DATASET

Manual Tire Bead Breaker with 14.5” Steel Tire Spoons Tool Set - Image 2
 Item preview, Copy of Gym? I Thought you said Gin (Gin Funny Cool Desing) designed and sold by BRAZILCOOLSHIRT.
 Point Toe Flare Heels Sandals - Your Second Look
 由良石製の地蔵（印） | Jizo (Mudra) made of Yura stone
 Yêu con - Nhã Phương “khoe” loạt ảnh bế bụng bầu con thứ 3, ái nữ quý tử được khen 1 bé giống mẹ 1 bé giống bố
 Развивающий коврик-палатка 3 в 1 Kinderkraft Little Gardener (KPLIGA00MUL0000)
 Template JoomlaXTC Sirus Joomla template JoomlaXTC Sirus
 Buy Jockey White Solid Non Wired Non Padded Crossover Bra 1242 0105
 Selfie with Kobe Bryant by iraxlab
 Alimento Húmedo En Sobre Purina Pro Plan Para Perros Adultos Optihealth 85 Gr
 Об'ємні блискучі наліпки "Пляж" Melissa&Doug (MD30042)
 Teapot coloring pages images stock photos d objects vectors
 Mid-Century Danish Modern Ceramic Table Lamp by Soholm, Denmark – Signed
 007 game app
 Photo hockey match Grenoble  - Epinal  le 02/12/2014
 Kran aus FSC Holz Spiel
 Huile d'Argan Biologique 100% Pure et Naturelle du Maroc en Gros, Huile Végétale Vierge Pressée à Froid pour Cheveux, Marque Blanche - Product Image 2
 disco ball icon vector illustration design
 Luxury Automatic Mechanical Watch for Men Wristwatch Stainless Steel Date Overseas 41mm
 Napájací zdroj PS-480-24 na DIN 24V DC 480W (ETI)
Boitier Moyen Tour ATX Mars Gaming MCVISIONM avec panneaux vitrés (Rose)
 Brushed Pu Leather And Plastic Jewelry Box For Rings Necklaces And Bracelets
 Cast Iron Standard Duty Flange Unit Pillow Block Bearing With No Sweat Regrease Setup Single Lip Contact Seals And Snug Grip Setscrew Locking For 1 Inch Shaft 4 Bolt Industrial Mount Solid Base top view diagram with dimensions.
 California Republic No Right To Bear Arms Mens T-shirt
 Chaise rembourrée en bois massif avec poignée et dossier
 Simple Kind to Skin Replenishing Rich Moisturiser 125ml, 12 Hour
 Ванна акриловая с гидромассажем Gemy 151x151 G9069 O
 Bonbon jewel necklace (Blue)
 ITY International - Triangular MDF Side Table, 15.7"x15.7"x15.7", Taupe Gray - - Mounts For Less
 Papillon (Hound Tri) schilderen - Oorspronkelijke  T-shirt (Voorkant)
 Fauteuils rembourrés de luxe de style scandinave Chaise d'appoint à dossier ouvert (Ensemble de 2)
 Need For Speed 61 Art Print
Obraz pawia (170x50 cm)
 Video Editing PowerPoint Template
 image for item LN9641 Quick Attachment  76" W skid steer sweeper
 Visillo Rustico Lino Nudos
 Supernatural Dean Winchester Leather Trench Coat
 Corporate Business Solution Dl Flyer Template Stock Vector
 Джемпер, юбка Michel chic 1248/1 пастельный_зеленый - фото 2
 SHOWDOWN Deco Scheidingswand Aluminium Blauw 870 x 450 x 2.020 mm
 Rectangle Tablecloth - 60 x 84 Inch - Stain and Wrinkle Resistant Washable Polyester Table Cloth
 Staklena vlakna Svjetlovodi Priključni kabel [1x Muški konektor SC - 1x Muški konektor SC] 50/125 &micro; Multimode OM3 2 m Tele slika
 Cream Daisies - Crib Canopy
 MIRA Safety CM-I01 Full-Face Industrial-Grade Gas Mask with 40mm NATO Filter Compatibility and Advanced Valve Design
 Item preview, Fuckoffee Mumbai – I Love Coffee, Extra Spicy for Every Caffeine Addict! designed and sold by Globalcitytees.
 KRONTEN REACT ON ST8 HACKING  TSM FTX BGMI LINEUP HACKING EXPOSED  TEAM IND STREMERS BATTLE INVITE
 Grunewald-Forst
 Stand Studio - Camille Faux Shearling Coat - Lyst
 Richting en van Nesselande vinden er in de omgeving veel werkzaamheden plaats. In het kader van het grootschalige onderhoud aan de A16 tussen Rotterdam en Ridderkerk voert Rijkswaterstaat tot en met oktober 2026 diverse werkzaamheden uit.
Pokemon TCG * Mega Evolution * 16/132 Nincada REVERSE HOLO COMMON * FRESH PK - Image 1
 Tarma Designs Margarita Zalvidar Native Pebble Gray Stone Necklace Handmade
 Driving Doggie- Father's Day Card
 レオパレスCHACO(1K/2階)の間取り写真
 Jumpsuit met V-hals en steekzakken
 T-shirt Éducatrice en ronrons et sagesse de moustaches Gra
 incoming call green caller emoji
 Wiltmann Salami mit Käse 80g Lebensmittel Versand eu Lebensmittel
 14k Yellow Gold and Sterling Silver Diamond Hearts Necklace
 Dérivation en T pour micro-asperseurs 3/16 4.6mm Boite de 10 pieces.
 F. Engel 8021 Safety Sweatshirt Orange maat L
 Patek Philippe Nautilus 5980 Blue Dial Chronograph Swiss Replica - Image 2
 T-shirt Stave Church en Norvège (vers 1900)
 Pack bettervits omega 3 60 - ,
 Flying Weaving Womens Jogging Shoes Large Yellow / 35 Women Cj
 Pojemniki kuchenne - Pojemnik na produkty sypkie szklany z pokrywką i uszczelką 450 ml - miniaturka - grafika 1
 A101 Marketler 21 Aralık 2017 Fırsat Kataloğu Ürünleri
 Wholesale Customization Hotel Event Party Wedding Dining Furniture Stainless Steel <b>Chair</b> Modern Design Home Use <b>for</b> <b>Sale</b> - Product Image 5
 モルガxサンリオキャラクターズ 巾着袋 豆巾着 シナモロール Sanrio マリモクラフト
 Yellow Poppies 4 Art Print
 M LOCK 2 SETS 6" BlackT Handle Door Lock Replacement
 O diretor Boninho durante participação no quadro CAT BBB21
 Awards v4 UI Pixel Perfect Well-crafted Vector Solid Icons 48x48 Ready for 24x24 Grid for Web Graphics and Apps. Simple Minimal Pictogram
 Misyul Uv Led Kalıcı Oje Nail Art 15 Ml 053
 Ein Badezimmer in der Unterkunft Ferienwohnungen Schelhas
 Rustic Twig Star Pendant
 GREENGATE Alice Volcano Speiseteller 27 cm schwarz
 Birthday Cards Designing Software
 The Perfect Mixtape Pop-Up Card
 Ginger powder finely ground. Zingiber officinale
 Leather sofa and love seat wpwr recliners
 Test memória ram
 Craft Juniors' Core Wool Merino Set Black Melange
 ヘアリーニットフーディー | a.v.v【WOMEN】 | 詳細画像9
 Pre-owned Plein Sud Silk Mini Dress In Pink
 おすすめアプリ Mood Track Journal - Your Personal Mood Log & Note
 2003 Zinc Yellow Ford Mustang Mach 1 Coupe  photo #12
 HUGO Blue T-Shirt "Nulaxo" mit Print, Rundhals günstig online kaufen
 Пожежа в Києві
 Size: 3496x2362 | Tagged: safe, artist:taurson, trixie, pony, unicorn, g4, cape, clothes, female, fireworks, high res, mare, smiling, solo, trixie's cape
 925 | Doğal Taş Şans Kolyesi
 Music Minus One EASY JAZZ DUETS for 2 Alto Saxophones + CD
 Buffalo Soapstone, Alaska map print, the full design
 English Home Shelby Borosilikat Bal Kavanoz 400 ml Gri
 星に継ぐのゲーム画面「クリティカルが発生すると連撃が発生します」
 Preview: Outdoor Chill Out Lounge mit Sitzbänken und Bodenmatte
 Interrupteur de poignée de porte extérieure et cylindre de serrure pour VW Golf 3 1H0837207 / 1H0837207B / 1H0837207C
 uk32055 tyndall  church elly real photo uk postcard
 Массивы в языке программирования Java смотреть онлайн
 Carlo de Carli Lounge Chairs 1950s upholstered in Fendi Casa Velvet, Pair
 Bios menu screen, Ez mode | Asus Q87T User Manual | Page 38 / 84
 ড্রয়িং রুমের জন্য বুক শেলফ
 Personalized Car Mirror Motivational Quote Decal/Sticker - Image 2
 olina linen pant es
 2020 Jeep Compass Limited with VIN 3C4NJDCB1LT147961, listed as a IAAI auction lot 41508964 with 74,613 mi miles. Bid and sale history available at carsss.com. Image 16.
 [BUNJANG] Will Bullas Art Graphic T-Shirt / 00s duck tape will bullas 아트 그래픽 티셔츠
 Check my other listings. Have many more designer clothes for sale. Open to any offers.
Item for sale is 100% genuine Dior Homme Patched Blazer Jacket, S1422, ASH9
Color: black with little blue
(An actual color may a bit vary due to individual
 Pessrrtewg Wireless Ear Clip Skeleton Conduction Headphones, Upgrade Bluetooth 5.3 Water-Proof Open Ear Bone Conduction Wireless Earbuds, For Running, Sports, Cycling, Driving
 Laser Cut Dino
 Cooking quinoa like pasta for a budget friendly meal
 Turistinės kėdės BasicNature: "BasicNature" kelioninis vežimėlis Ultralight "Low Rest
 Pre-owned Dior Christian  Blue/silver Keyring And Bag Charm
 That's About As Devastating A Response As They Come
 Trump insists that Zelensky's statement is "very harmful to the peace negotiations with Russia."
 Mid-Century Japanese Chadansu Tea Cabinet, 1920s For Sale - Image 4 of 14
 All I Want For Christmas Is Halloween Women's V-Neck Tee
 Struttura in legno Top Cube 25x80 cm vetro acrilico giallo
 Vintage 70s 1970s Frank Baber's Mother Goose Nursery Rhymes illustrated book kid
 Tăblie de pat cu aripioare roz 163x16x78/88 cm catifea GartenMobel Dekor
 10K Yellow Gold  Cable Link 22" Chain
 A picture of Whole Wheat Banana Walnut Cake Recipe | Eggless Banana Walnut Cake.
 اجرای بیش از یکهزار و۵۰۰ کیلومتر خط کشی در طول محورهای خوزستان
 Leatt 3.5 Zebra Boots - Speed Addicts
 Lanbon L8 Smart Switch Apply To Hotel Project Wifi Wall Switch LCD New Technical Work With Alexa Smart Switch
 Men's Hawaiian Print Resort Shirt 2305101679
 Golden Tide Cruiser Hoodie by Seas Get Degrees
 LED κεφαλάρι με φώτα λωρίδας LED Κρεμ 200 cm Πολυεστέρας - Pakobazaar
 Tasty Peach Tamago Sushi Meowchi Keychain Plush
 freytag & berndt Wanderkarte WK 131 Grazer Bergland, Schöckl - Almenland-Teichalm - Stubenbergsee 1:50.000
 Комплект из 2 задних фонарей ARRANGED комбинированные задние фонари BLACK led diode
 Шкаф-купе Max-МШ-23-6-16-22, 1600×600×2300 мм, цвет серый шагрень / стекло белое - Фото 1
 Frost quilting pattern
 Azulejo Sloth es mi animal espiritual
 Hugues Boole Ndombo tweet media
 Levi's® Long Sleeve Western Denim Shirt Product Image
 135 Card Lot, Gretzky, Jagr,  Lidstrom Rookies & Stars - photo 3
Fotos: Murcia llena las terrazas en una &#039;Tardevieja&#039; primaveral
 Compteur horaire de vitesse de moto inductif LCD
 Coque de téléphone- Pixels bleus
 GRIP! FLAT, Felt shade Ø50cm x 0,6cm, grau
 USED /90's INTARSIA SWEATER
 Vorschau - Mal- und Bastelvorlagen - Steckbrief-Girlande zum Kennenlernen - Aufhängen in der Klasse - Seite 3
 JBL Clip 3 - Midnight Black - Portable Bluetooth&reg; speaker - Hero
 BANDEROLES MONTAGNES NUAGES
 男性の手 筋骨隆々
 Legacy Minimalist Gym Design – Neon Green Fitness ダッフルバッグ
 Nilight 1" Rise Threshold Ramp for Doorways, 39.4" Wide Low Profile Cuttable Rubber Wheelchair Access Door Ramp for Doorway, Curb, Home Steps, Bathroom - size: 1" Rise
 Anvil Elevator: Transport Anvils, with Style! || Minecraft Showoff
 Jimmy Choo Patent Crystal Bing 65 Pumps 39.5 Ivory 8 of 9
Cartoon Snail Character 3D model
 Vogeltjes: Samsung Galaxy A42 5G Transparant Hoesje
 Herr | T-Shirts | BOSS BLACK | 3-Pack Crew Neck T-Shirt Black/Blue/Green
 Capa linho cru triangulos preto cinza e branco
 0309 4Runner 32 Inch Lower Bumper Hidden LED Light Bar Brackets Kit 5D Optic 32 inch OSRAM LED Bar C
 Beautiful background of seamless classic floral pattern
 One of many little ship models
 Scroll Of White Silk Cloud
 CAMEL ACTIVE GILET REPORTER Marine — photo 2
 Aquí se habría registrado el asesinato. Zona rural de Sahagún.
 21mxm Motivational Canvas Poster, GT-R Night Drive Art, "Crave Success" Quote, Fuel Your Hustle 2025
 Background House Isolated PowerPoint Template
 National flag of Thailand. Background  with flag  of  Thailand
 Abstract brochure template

WHAT YOU WILL DO
In the entries above, one line contains "Pre-owned Plein Sud Silk Mini Dress In Pink" and another contains "ড্রয়িং রুমের জন্য বুক শেলফ". Reproduce exactly those two lines and the lines between them, nothing else.

COMPLETED EXERCISE
 Pre-owned Plein Sud Silk Mini Dress In Pink
 おすすめアプリ Mood Track Journal - Your Personal Mood Log & Note
 2003 Zinc Yellow Ford Mustang Mach 1 Coupe  photo #12
 HUGO Blue T-Shirt "Nulaxo" mit Print, Rundhals günstig online kaufen
 Пожежа в Києві
 Size: 3496x2362 | Tagged: safe, artist:taurson, trixie, pony, unicorn, g4, cape, clothes, female, fireworks, high res, mare, smiling, solo, trixie's cape
 925 | Doğal Taş Şans Kolyesi
 Music Minus One EASY JAZZ DUETS for 2 Alto Saxophones + CD
 Buffalo Soapstone, Alaska map print, the full design
 English Home Shelby Borosilikat Bal Kavanoz 400 ml Gri
 星に継ぐのゲーム画面「クリティカルが発生すると連撃が発生します」
 Preview: Outdoor Chill Out Lounge mit Sitzbänken und Bodenmatte
 Interrupteur de poignée de porte extérieure et cylindre de serrure pour VW Golf 3 1H0837207 / 1H0837207B / 1H0837207C
 uk32055 tyndall  church elly real photo uk postcard
 Массивы в языке программирования Java смотреть онлайн
 Carlo de Carli Lounge Chairs 1950s upholstered in Fendi Casa Velvet, Pair
 Bios menu screen, Ez mode | Asus Q87T User Manual | Page 38 / 84
 ড্রয়িং রুমের জন্য বুক শেলফ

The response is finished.